> [Recorded information]
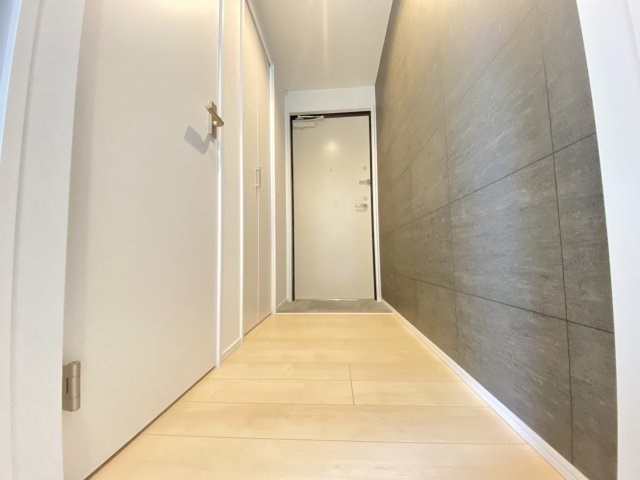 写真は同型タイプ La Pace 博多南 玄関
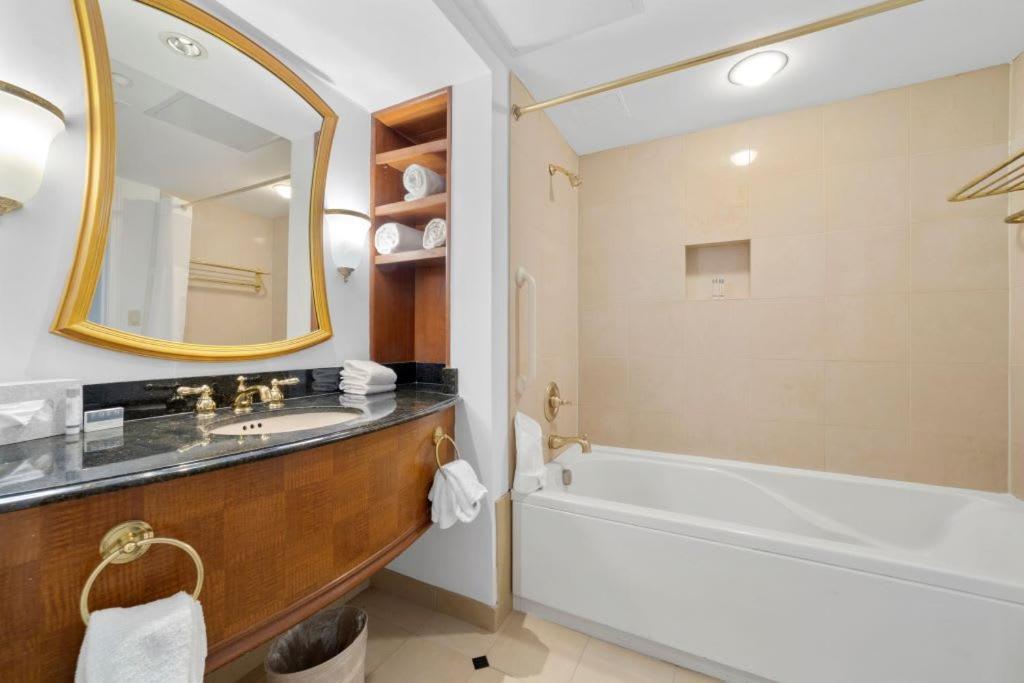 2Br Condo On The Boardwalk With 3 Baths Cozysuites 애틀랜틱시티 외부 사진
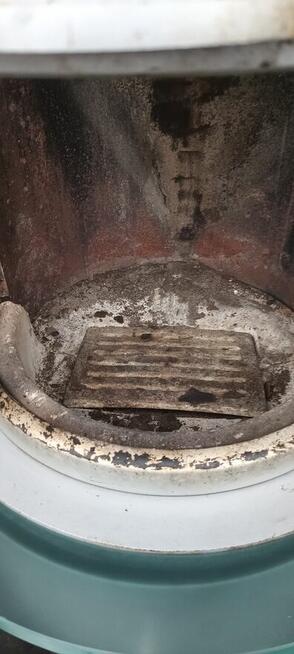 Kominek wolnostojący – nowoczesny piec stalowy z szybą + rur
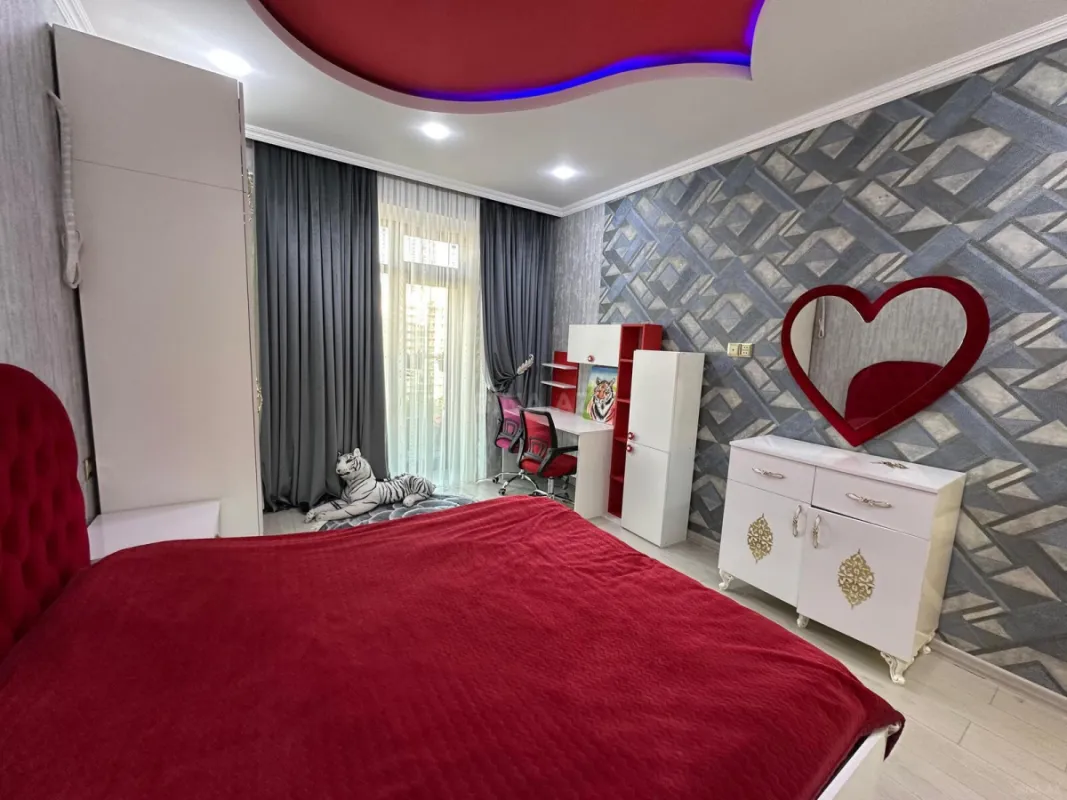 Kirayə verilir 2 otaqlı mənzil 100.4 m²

> [What you are asked to do] The result should be a transcript of the lines from the line containing "Kominek wolnostojący –" through the end of the listing above, exact, inclusive, and without pictures.

> [Task answer]
 Kominek wolnostojący – nowoczesny piec stalowy z szybą + rur
 Kirayə verilir 2 otaqlı mənzil 100.4 m²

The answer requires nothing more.